SEOUL, April 25 (Reuters) - Three young North Koreans who fled their communist country and were arrested later in Laos have been freed and are in South Korean custody at its embassy in Vientiane, a human rights group said on Wednesday.

The Lao communist government confirmed three children had been handed over to the South Korean mission on Tuesday, but insisted they were South Koreans who had been trafficked into the landlocked southeast Asian nation.

"The three kids have been trafficked," Lao Foreign Ministry spokesman Yong Chanhthalansy told Reuters by telephone.

"After investigations which took some time, the Lao government decided that although they entered illegally, they couldn't go on trial because they were under age," he said. The three -- two girls and a boy aged between 12 and 17 -- had fled North Korea for China and found their way to Laos, Peter Jung of the Seoul-based group Justice for North Korea said.

"They are now in the custody of the South Korean diplomatic mission," Jung said by telephone.

The South Korean Foreign Ministry, which usually refrains from commenting on North Korean refugees seeking asylum, declined to confirm the three were under its protection.

"We think the main priority is the security of these people," an official said. "Many countries are involved in the matter."

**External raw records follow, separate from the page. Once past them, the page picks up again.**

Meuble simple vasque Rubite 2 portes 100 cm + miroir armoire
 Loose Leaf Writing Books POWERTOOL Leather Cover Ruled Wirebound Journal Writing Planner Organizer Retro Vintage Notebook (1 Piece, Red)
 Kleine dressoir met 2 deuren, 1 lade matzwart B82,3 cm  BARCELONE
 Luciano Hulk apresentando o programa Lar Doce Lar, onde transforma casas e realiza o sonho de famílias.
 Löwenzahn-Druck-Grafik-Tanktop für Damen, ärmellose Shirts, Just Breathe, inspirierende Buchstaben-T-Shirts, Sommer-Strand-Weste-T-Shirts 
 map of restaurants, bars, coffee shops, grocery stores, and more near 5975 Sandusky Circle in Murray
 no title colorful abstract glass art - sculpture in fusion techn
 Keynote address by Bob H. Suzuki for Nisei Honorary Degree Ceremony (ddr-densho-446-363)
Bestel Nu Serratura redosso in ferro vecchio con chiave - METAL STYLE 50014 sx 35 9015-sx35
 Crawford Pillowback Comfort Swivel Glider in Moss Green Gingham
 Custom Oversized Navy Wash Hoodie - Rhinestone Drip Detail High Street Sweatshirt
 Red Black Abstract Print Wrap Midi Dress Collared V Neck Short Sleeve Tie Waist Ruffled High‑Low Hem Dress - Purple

The three could become the first refugees to go directly to South Korea from Laos, one of North Korea's few allies and which is reluctant to offend its friends in Pyongyang.

Most North Korean refugees cross the border into China and then seek asylum -- via a third country -- in South Korea, where they are almost always granted citizenship.

Jung also said more than 400 North Korean refugees, 314 of them women, in an immigration detention centre in Thailand began a hunger strike on Tuesday to protest against a delay by the South Korean government in giving them permanent refuge.

"They are in deplorable conditions. Many of the women are ill," Jung said.

Thai immigration police said that was untrue.

"Nothing's happening," said Lieutenant Colonel Prawit Sirithorn, supervisor of the Bangkok Immigration Detention Centre. "Some of them might have been stressed out because of the heat."